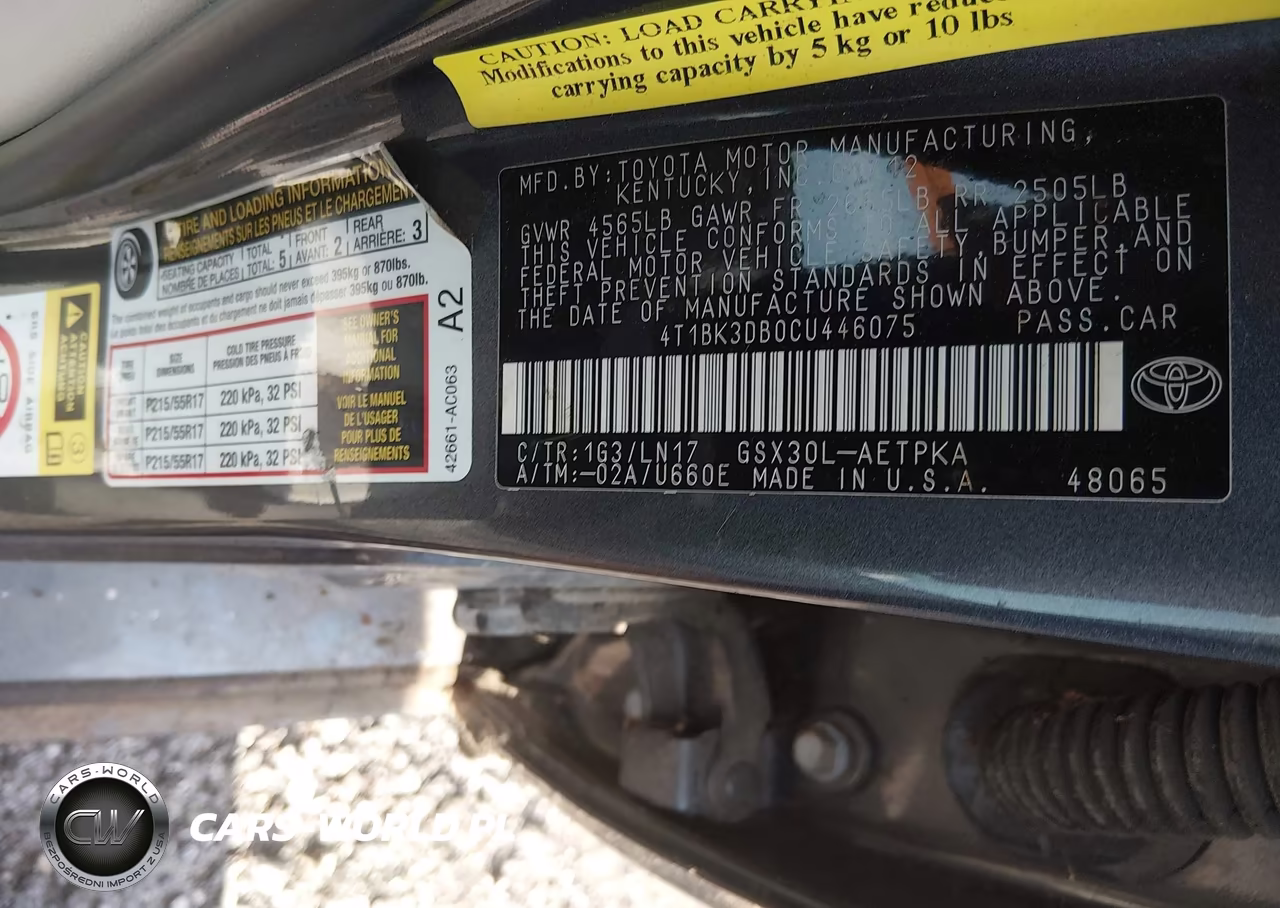 2012 Toyota Avalon Limited VIN:4T1BK3DB0CU446075 - 9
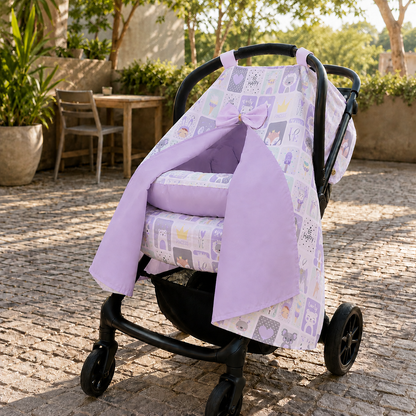 Capota para Bebê Conforto Tenda Dupla Face Bichos Lilás
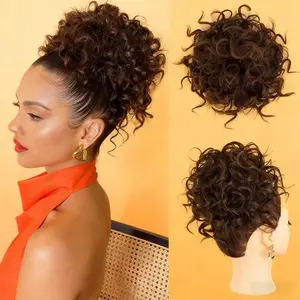 Messy Bun Hair piece for Women, updo hairpiece Elastic Drawstring Loose Wave Curly Scrunchies Ponytail Extension, Synthetic Hair Extensions Hair Bun for Women Daily Use(Dark Chocolate Brown)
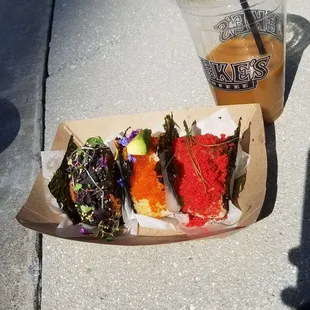 OG spam musubi and elote musubi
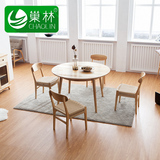 北欧白蜡木实木圆形餐桌 现代餐厅1.1 1.2 1.3米吃饭桌子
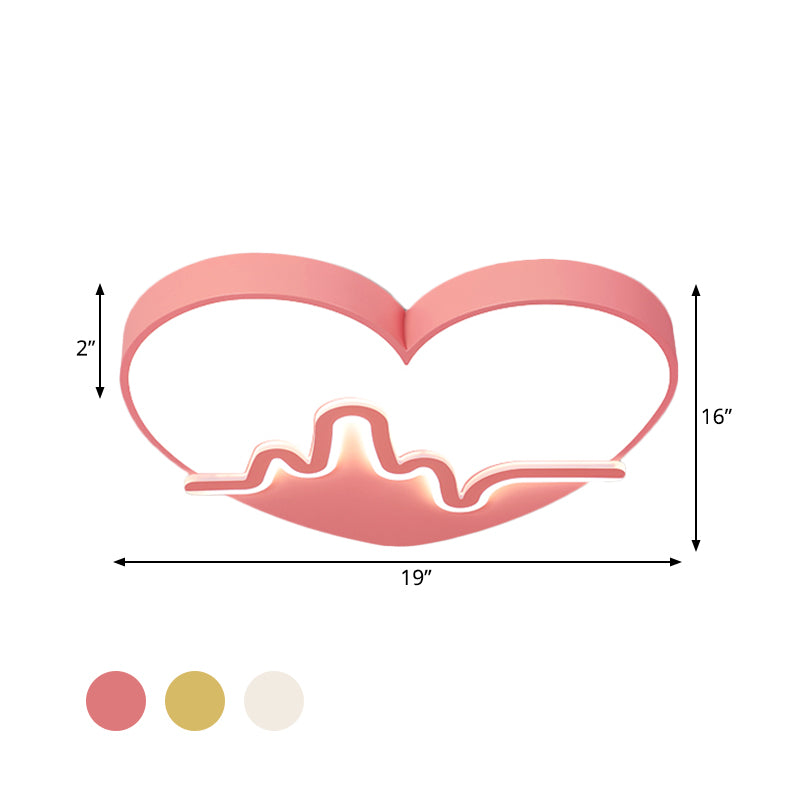 Macaron Heart Beating Acrylic Flushmount LED Surface Ceiling Lamp in White/Pink/Gold for Child Bedroom Clearhalo 'Ceiling Lights' 'Close To Ceiling Lights' 'Close to ceiling' 'Flush mount' Lighting' 758100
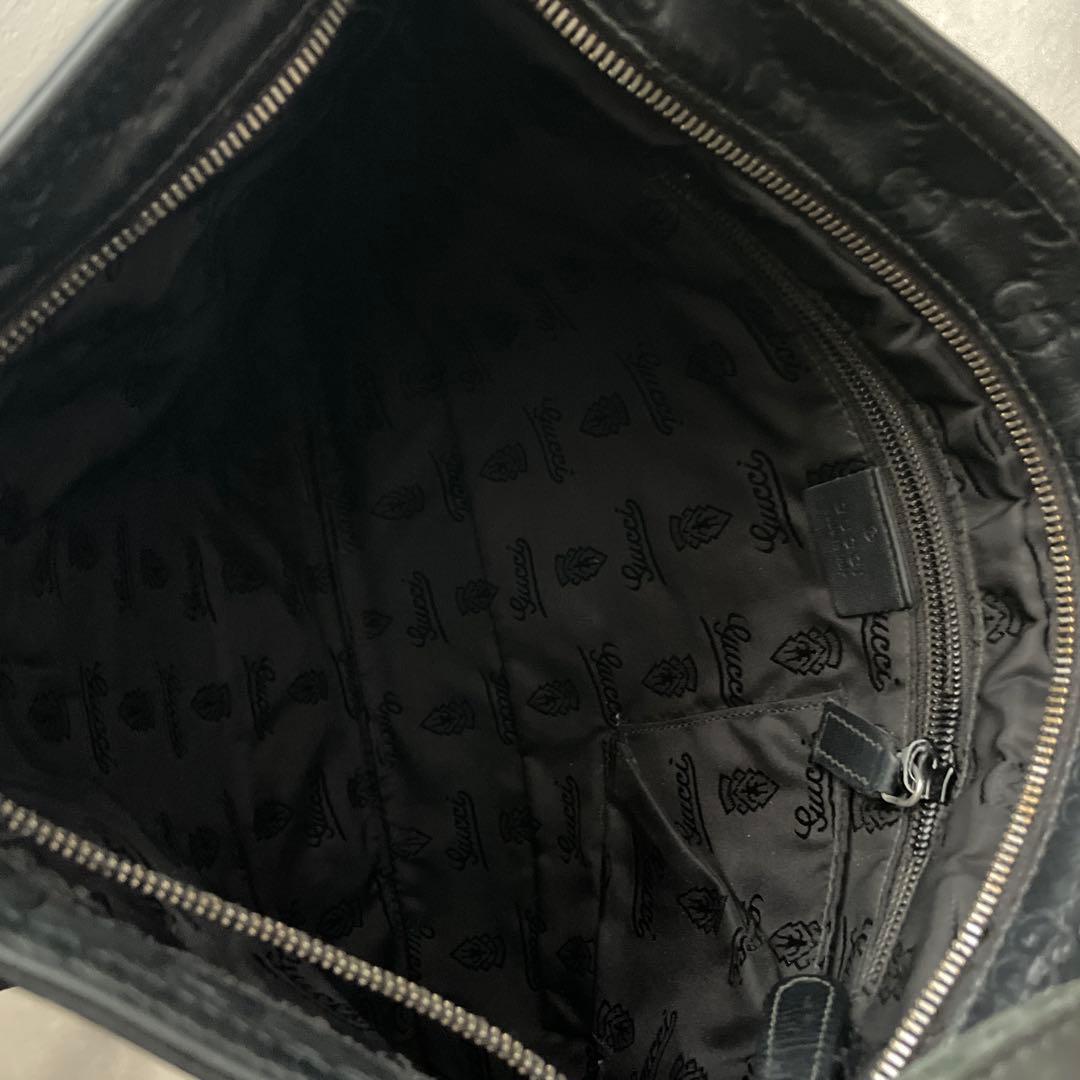 グッチ GUCCI レザー ショルダーバッグ GG サコッシュ ブラック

=-=-=-=-=

Print the data once more without any change, skipping each picture.

### RESPONSE TO THE EXERCISE
 2012 Toyota Avalon Limited VIN:4T1BK3DB0CU446075 - 9
 Capota para Bebê Conforto Tenda Dupla Face Bichos Lilás
 Messy Bun Hair piece for Women, updo hairpiece Elastic Drawstring Loose Wave Curly Scrunchies Ponytail Extension, Synthetic Hair Extensions Hair Bun for Women Daily Use(Dark Chocolate Brown)
 OG spam musubi and elote musubi
 北欧白蜡木实木圆形餐桌 现代餐厅1.1 1.2 1.3米吃饭桌子
 Macaron Heart Beating Acrylic Flushmount LED Surface Ceiling Lamp in White/Pink/Gold for Child Bedroom Clearhalo 'Ceiling Lights' 'Close To Ceiling Lights' 'Close to ceiling' 'Flush mount' Lighting' 758100
 グッチ GUCCI レザー ショルダーバッグ GG サコッシュ ブラック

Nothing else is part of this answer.